OMC: le bout du tunnel s'éloigne à nouveau

Pour aboutir à un accord historique après sept ans de négociations du cycle de Doha sur la libéralisation des échanges, les pays en développement et les pays riches tentaient de dépasser ce lundi les nouvelles tensions qui se sont fait jour durant le week-end, notamment sur l'agriculture. Un paquet de propositions sur l'agriculture et les produits industriels mis sur la table vendredi par Pascal Lamy, a remporté l'aval de la majorité des grandes puissances commerciales (Etats-Unis, UE, Brésil, Inde, Chine, Australie et Japon).

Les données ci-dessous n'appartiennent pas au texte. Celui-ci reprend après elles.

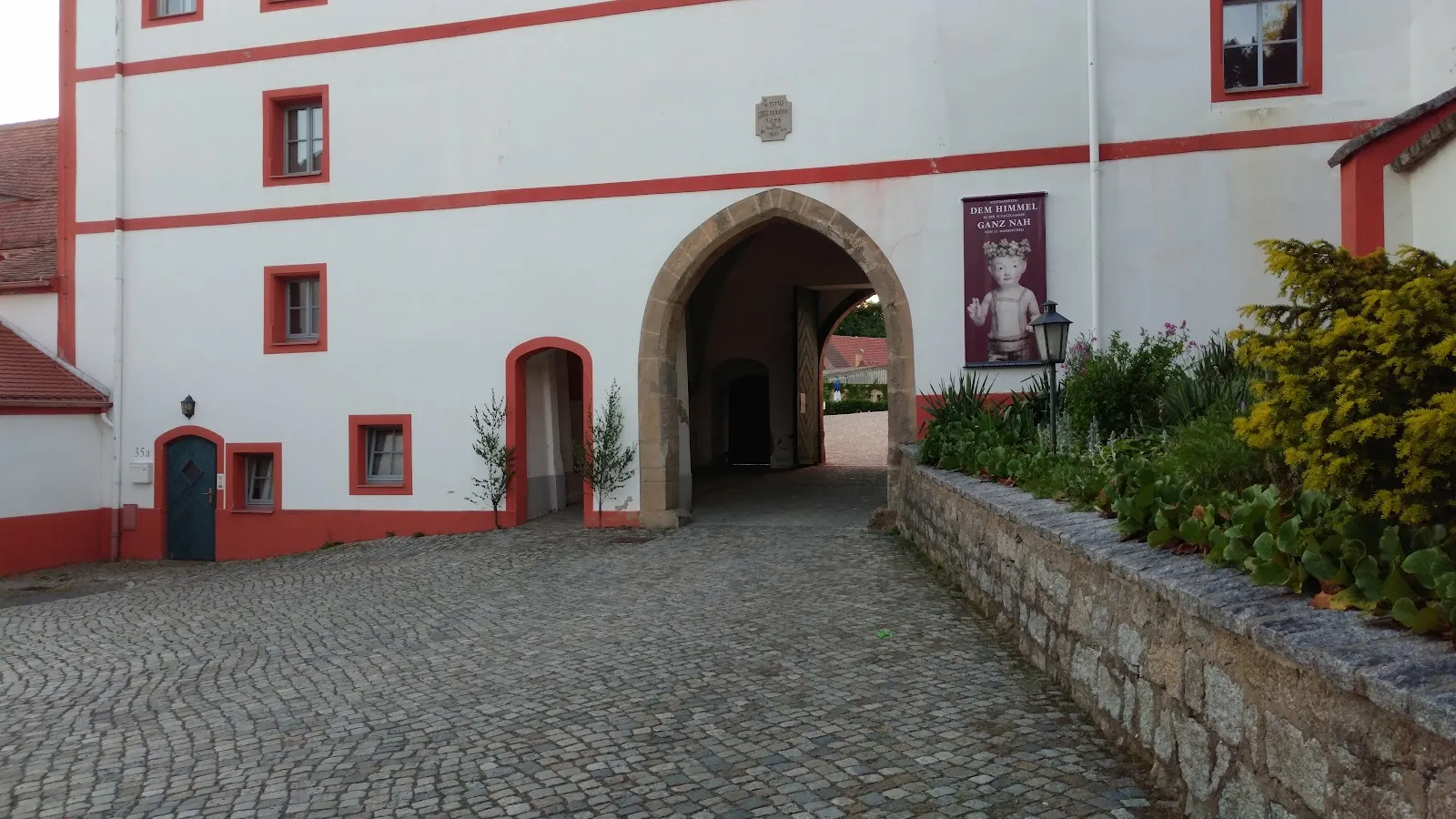 Здание Marienanstalt, историческая архитектура в Паншвиц-Кукау, Германия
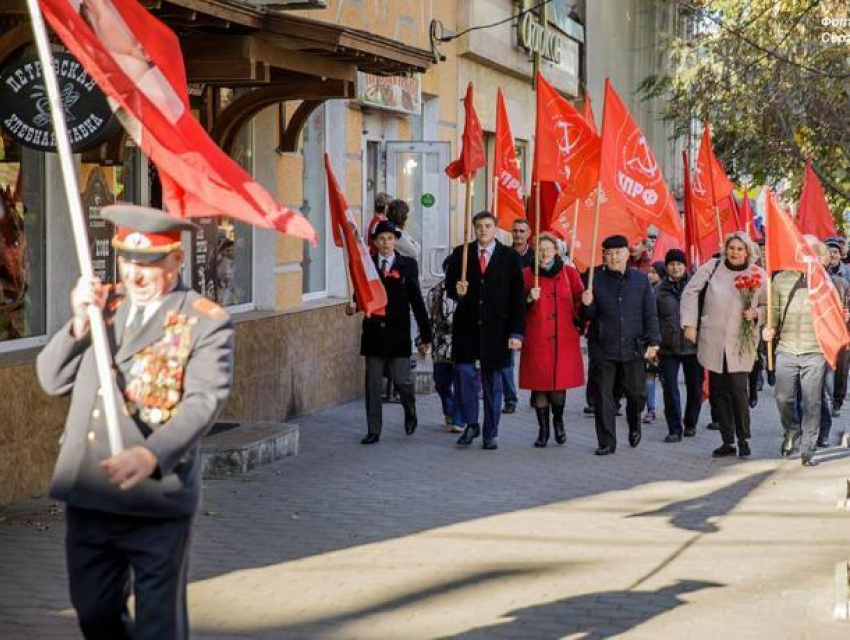 В Таганроге параду в честь Октябрьской революции досталось место на тротуаре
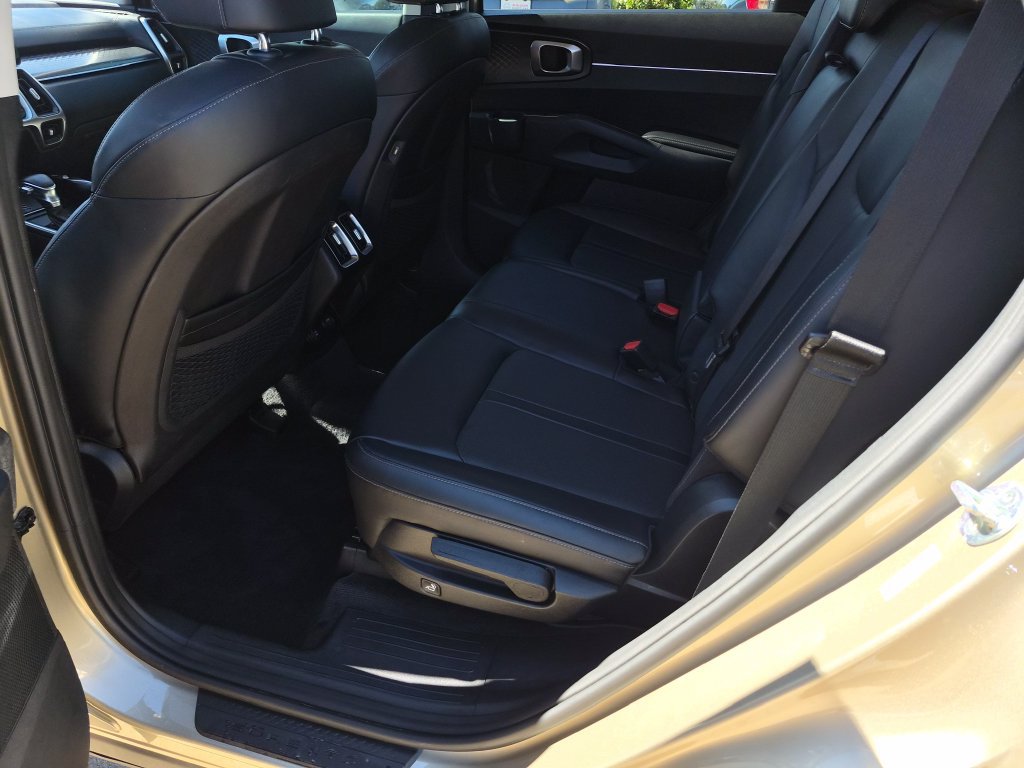 Used 2021 Kia Sorento S AWD/4WD image 9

Pour la première fois depuis 7 ans, le bout du tunnel était en vue, selon les négociateurs. Mais l'Inde boude le texte, suivie par plusieurs pays en développement qui craignent pour leur industrie (Argentine) ou leur agriculture (Indonésie, Philippines, Turquie). New Delhi a été rejointe samedi par un acteur de poids: la Chine. Pékin a averti qu'il entendait protéger sa production de riz, de coton et de sucre, produits sur lesquels il refuse d'abaisser ses droits de douane. Les Etats-Unis les ont accusé de bloquer les négociations, alors que lInde reproche aux Etats-Unis de vouloir doubler les subventions quils accordent à leurs agriculteurs.     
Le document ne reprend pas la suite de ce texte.